I love new web sites and gadgets. But the one thing I really haven't been able to get behind is GPS navigators. When I first moved to Rockville, MD, my parents loaned me their Magellan. I used it a little bit, and then I spent an extended period of driving, mildly panicked, around Potomac, while the Magellan attempted, unsuccessfully, to connect to the satellite. Eventually, I retraced my steps until I found the interstate, and thus am not still driving around Potomac, waiting for the thing to connect. The Magellan stayed in its bag until I gave it back to my parents.
Aside from the fact that it failed me miserably in Potomac, I didn't like the way I drove when it was attached to my windshield. I spent a lot of time watching the little Magellan screen that I should have spend watching the road, and a lot of time tensely waiting for the Magellan's next direction.
When my mom asked if I wanted a GPS navigator for Christmas, I said no (yes, I was quick to suggest a replacement gadget — an external hard drive — that I would actually use). I told her I was perfectly happy with Google Maps, which have never gotten me lost. I print the paper directions (admittedly, I am thinking about going to the mobile solution, to be a bit more green and flexible on the go), I reset the trip odometer at each intersection, and I watch the road the rest of the time.
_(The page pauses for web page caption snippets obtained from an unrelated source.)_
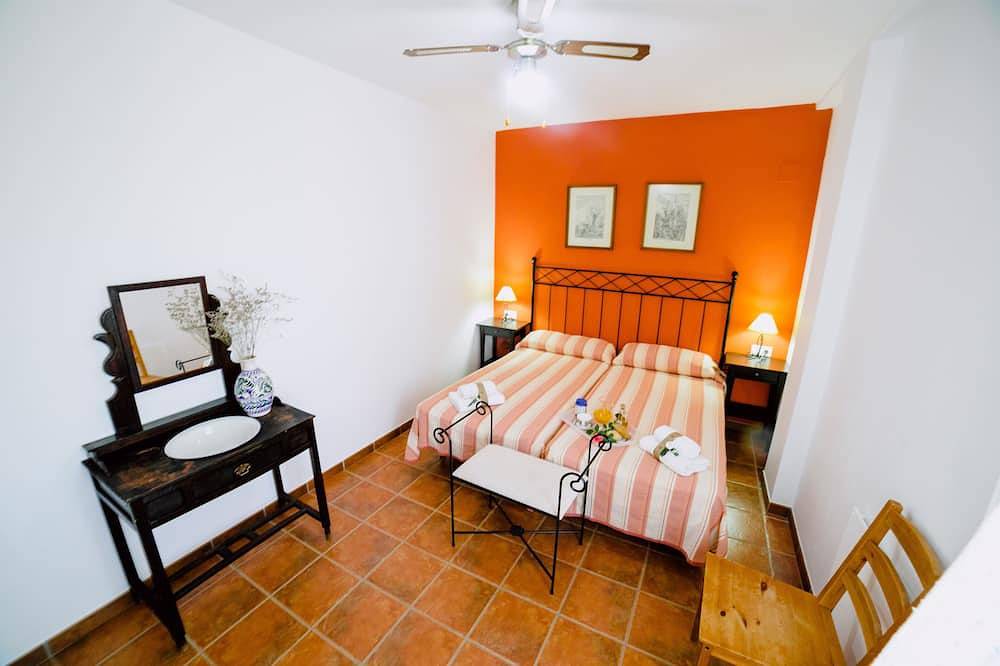 Casa Rural San Antonio. Villa 3 (3 dormitorios) in Cabra, Sierras Subbéticas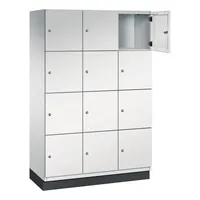 C+P Schließfachschrank Cambio mit Sockel 1.200 x 1.950 x 525 mm (B x H x T) 12 Fächer lichtgrau
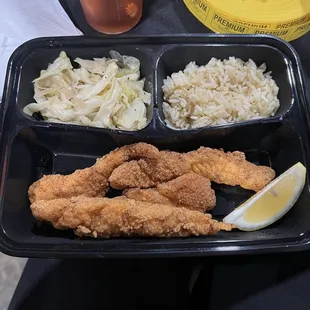 Catfish with cabbage and rice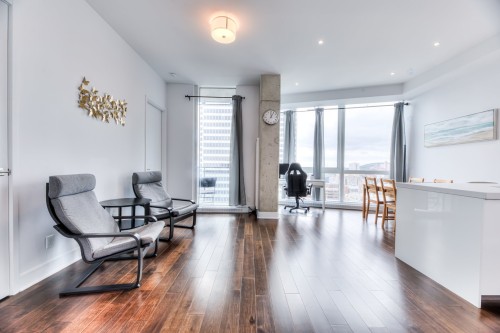 Salon - 3803-1188 Av. Union, Montréal (Ville-Marie), QC - Indoor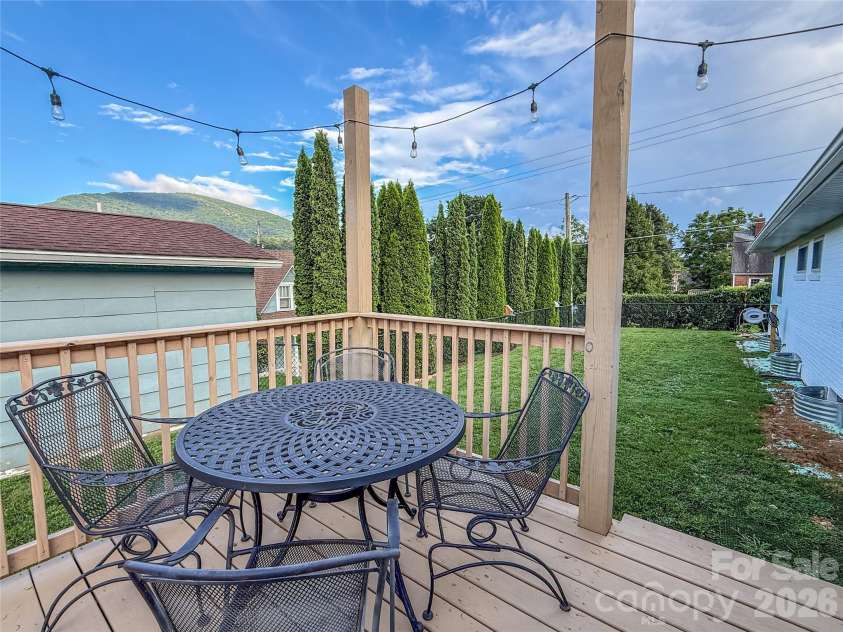 402 Wilton Avenue, West Jefferson, NC 28694.  MLS# CAR4411426, YatesRealty ID 41401. 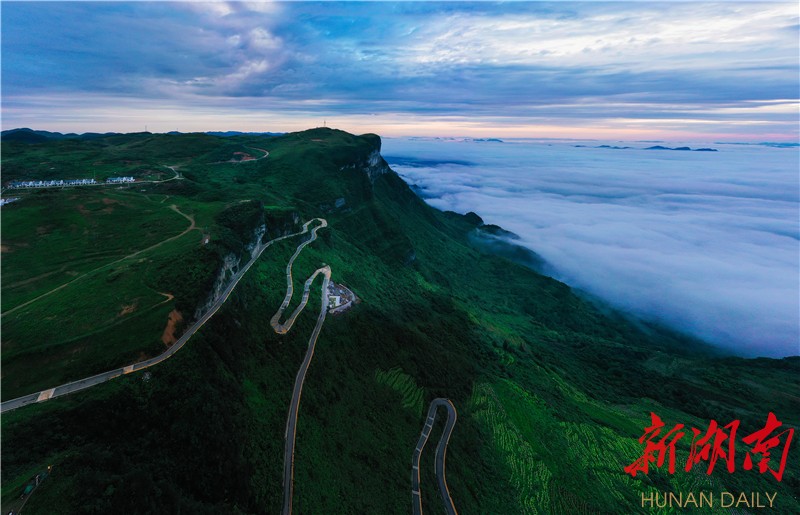 八面山·山道弯弯(徐正祥 摄)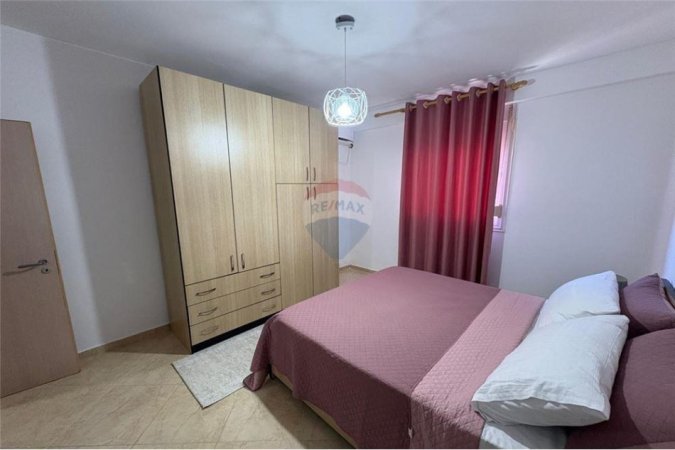 Vlore - Lungomare, jepet me qera apartament 1+1 , 65 m² 350 € (Rruga Dhimitër Konomi, Vlorë)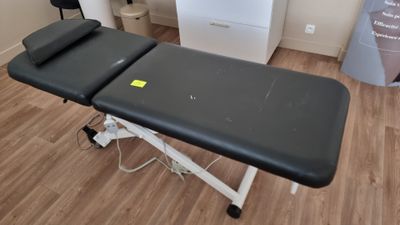 Table de massage ou de soin, à ciseau en métal laqué blanc à… - Photo 1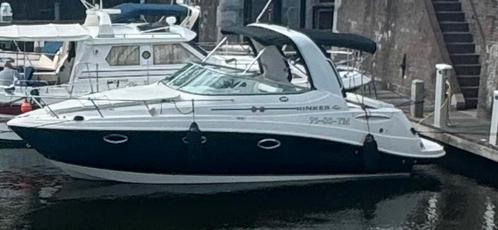 Rinker 260 Express cruiser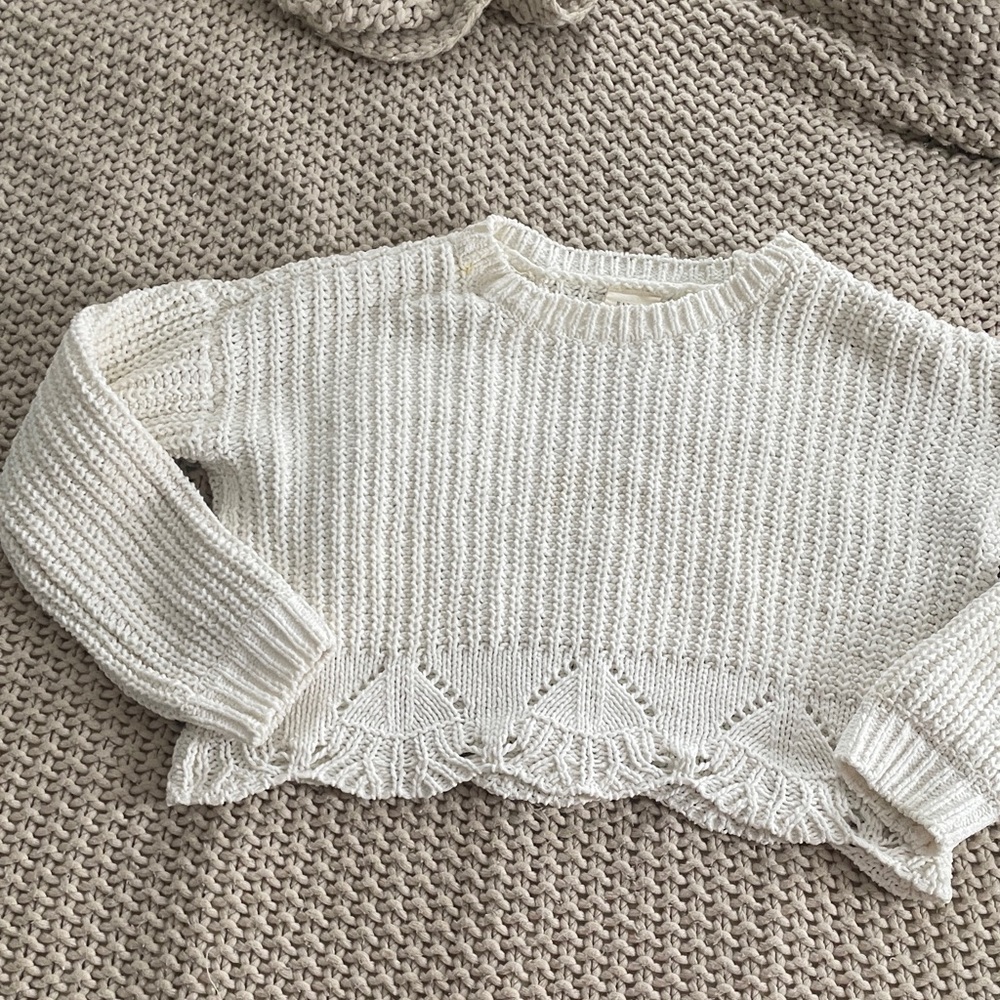 Elegant Cream Knit Sweater
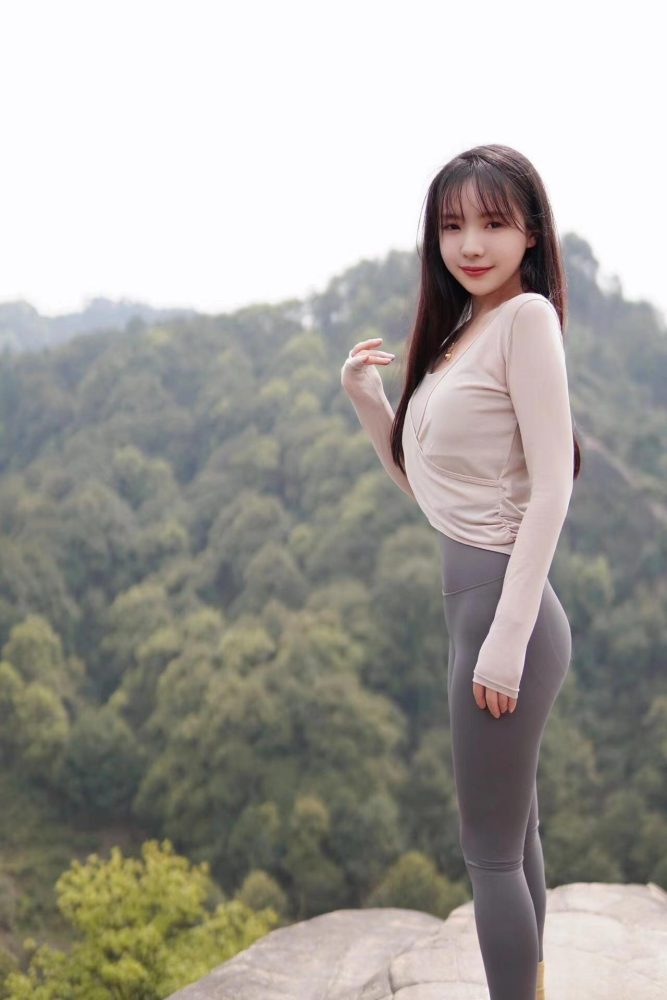 穿瑜伽裤爬山的长发少女-美美图社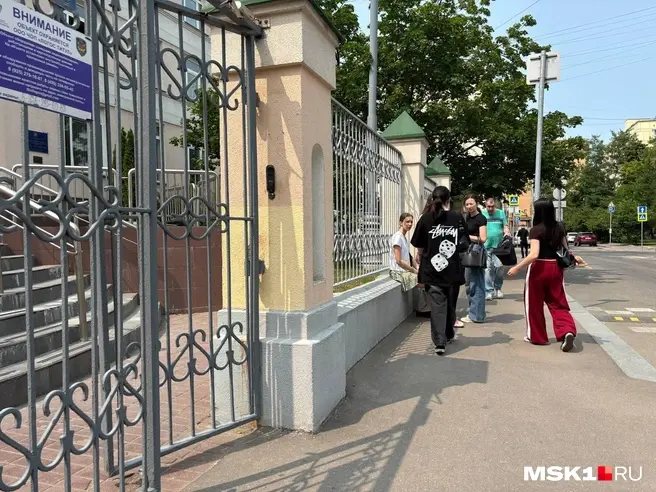 Как рассказали школьники, ЕГЭ по биологии в этом году было чуть сложнее пробников | Источник: Иван Гусаров / MSK1.RU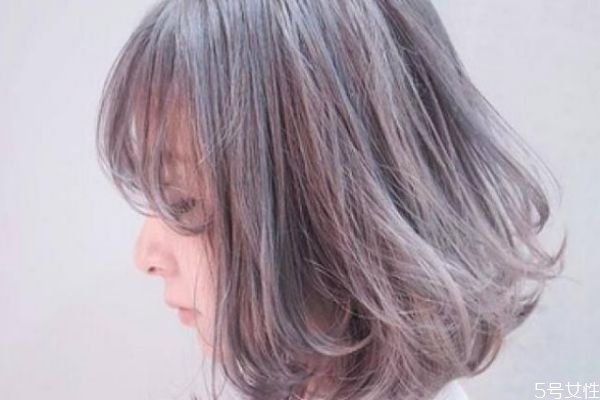 脸色发黄染什么颜色的头发好看,暗黄肤色适合什么颜色的头发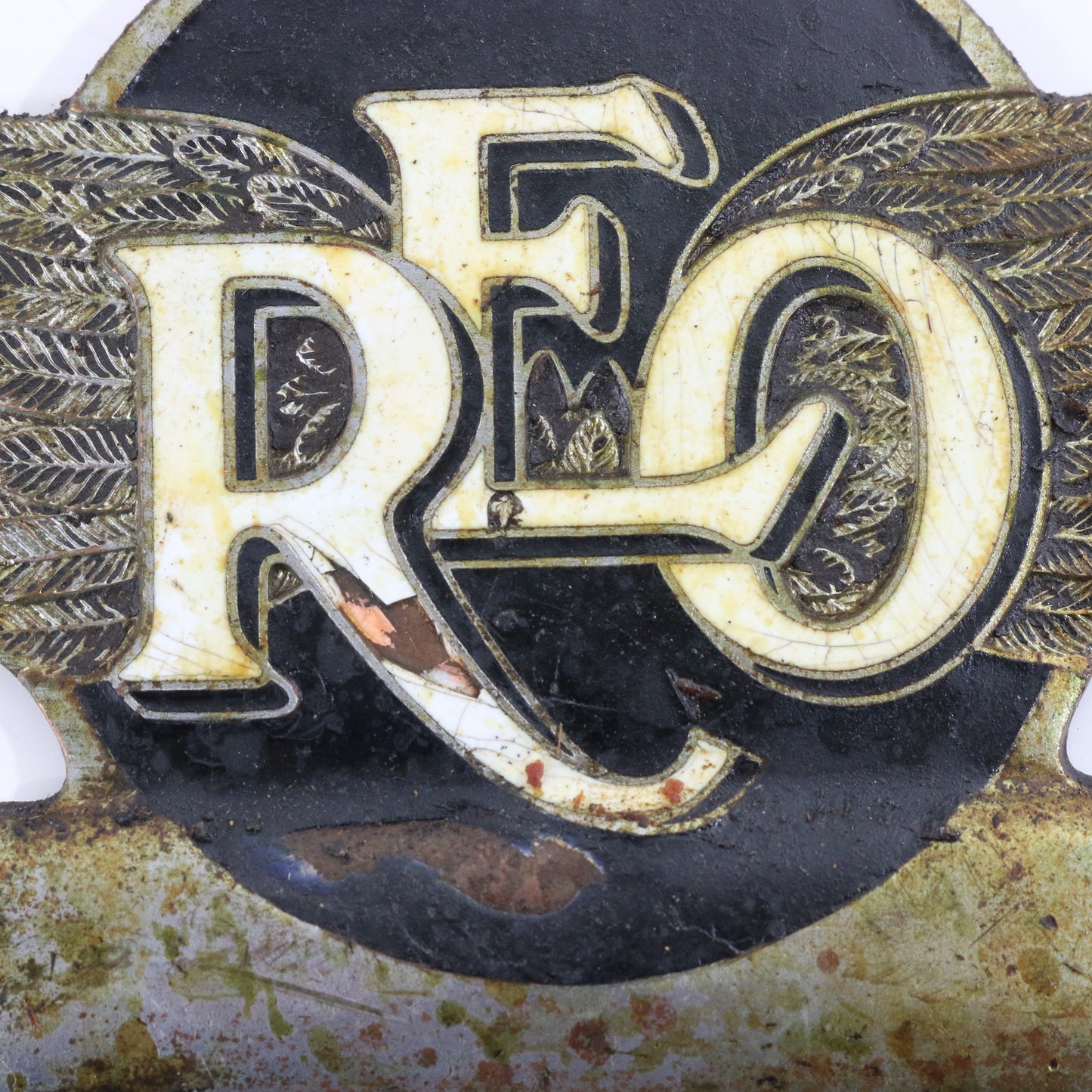 REO Model F Wagon 1920s era Metal Car Emblem Radiator Badge 4��� Original Wings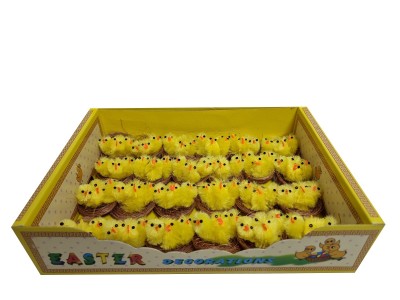 WIE1039 Easter chickens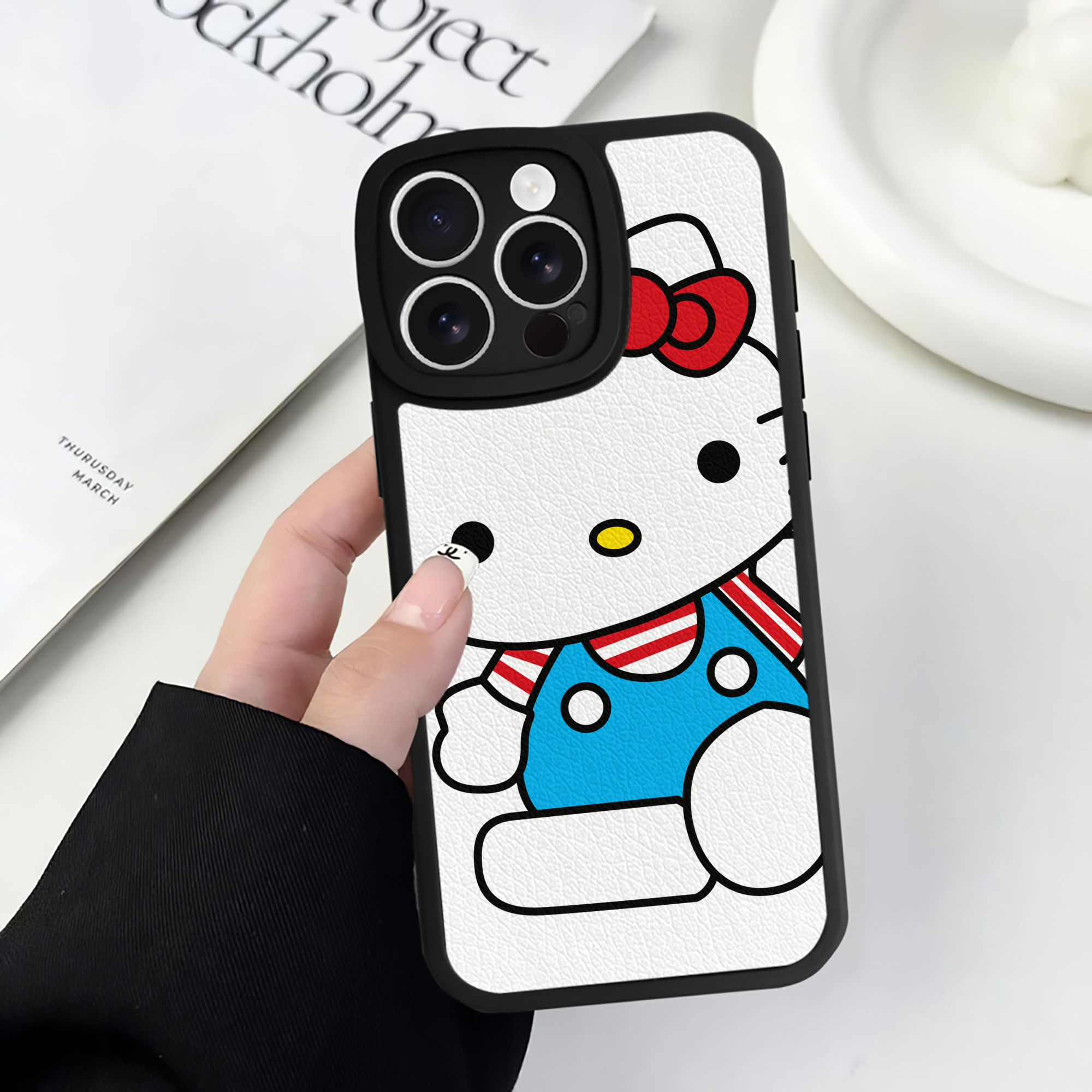 （画像用） Hello Kitty ハローキティ 【iPhone 16シリーズ対応】シリコンスマホケース（レザー調） 材質：シリコン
Obviously, though, there are a lot of people out there who have really embraced GPS devices. It makes me think a bit more about this article
, and whether my dislike of GPS devices has more to do with whether I flat-out don't like the technology, or I just don't like the way it works currently. If the "turn left in point five miles" voice spoke only when absolutely necessary, and there was no tantalizing screen of exactly-where-my-car-is-right-now to look at, I might be quicker to embrace it. Then again, what's the difference between that and my Google Maps directions, aside from a couple hundred bucks?